▸ **Task instructions**:
Pull every line containing "CHEVROLET" from the listing below.

▸ **Data for this task**:
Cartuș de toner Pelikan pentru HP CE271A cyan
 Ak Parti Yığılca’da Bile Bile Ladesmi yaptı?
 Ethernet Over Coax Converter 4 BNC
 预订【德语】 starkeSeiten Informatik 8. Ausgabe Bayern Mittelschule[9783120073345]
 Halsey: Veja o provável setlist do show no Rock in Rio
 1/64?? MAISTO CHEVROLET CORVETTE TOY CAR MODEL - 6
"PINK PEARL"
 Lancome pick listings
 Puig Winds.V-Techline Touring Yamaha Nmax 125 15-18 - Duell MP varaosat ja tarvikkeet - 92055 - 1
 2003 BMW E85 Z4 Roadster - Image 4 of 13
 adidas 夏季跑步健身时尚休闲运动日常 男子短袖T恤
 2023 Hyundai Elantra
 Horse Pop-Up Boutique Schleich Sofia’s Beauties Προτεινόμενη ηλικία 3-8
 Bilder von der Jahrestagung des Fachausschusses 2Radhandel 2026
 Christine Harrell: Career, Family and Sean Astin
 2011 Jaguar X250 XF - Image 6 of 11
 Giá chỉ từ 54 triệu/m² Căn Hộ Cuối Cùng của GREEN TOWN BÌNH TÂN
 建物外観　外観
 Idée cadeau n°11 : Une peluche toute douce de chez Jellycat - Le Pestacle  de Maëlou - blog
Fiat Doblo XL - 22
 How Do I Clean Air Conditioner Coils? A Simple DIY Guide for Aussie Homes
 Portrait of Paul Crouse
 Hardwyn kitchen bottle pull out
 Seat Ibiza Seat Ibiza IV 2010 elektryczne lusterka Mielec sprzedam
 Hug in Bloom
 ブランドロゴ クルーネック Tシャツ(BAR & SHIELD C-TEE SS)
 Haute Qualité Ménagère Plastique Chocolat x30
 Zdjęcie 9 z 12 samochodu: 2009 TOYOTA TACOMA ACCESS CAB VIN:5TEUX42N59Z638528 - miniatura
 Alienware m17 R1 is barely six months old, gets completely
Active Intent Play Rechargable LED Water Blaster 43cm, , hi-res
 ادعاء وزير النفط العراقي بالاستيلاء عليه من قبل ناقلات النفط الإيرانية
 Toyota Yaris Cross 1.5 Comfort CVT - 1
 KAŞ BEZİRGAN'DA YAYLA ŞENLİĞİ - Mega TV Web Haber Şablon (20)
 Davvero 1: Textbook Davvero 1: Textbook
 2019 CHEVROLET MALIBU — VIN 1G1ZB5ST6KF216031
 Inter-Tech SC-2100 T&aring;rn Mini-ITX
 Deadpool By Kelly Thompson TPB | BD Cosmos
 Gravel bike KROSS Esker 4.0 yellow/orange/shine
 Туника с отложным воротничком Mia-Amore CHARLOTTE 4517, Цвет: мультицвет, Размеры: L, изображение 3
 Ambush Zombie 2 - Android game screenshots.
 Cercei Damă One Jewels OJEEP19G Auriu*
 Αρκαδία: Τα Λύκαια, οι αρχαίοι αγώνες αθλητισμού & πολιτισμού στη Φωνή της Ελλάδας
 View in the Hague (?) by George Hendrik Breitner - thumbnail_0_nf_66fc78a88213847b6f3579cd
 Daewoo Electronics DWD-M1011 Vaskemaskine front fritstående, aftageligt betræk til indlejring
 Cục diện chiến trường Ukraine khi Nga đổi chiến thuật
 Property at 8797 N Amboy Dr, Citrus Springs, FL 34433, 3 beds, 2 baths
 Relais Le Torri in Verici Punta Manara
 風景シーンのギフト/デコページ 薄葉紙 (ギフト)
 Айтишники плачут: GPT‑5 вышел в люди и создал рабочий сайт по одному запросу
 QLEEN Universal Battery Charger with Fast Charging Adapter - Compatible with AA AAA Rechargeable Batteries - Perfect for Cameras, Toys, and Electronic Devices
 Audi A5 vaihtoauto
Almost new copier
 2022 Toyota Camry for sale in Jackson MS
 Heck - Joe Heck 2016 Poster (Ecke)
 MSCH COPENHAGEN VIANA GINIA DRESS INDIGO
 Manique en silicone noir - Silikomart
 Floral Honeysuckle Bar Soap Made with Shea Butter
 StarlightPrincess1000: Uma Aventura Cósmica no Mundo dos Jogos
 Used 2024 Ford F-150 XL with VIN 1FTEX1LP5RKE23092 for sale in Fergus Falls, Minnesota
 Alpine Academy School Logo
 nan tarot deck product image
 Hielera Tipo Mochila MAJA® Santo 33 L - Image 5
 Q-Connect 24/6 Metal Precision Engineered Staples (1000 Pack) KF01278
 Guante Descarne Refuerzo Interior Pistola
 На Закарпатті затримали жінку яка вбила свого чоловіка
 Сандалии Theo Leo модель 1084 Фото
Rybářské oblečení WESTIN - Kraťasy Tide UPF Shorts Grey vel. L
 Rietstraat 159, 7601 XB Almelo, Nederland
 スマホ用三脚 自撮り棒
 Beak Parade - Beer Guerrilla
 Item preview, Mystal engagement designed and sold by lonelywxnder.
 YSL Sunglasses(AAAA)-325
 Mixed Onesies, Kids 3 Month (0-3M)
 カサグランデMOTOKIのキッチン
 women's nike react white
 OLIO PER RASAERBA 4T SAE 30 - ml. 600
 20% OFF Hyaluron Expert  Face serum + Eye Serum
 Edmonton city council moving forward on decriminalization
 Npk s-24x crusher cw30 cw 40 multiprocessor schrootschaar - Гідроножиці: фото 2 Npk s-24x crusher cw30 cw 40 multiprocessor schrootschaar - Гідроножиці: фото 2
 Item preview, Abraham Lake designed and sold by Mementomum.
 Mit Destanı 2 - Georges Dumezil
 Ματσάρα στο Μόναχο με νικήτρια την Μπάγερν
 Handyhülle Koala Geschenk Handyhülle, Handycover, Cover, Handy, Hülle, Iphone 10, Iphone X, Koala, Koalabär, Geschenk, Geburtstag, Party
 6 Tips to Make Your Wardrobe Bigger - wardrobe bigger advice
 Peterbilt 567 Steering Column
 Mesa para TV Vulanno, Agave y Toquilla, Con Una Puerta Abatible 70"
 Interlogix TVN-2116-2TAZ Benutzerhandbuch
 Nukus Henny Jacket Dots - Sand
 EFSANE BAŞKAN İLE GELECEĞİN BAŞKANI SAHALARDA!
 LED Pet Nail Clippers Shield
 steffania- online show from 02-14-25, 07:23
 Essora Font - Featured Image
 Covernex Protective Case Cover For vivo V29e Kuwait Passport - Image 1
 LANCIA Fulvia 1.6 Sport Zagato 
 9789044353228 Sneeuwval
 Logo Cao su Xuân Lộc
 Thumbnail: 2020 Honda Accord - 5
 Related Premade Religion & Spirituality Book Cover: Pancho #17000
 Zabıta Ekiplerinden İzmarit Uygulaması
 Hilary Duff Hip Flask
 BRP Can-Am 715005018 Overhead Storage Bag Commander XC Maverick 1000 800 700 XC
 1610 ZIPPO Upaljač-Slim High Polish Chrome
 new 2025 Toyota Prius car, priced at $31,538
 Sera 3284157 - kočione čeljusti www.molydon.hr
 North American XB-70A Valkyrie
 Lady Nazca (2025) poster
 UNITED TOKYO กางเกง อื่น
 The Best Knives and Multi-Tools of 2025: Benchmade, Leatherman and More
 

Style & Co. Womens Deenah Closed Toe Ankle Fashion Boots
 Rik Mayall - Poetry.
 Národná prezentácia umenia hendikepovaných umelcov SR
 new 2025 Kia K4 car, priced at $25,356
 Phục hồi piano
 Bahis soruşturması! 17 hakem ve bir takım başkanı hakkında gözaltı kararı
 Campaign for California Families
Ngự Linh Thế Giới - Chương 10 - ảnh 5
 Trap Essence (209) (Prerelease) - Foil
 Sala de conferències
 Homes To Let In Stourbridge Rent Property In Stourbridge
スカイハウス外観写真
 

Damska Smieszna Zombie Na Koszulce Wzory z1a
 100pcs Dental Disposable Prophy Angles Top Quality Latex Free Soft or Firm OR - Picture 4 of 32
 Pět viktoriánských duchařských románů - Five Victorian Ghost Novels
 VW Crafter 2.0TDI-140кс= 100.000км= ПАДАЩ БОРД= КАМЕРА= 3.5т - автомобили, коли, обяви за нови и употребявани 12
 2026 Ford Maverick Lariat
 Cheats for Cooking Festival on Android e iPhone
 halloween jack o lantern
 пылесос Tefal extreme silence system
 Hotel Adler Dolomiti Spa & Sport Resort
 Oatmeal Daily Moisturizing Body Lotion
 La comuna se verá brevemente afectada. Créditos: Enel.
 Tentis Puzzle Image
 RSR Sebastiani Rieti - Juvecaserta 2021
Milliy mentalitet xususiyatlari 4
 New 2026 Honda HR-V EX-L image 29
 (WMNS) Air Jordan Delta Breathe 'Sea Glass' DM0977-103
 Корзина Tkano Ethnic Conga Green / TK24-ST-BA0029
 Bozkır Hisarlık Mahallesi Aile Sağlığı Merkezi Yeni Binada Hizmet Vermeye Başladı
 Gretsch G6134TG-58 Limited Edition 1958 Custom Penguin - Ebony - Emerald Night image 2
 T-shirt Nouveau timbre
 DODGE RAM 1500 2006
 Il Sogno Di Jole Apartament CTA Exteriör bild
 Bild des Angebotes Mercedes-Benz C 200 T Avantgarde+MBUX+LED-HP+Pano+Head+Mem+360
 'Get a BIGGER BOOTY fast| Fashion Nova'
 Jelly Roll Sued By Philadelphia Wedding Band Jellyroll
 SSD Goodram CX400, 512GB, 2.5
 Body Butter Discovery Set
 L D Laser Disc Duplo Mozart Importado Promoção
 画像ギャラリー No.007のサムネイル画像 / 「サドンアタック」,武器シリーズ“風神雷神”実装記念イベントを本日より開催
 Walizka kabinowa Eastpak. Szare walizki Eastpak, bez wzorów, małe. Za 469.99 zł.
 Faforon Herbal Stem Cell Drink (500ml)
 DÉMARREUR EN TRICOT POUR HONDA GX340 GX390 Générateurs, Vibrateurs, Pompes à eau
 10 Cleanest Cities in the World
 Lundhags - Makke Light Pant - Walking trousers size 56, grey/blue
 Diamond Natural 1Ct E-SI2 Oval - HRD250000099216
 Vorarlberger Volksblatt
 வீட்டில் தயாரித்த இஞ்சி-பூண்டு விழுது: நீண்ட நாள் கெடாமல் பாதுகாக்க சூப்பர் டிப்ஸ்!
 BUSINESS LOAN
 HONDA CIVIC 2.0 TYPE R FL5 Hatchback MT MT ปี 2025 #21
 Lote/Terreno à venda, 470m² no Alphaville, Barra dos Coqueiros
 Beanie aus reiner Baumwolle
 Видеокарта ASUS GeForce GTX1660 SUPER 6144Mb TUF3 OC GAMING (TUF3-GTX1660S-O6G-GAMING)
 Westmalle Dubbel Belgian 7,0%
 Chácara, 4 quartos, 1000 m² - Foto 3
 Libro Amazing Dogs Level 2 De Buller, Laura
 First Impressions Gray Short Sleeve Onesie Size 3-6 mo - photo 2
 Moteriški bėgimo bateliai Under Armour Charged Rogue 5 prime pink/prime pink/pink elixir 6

▸ **Written answer**:
 1/64?? MAISTO CHEVROLET CORVETTE TOY CAR MODEL - 6
 2019 CHEVROLET MALIBU — VIN 1G1ZB5ST6KF216031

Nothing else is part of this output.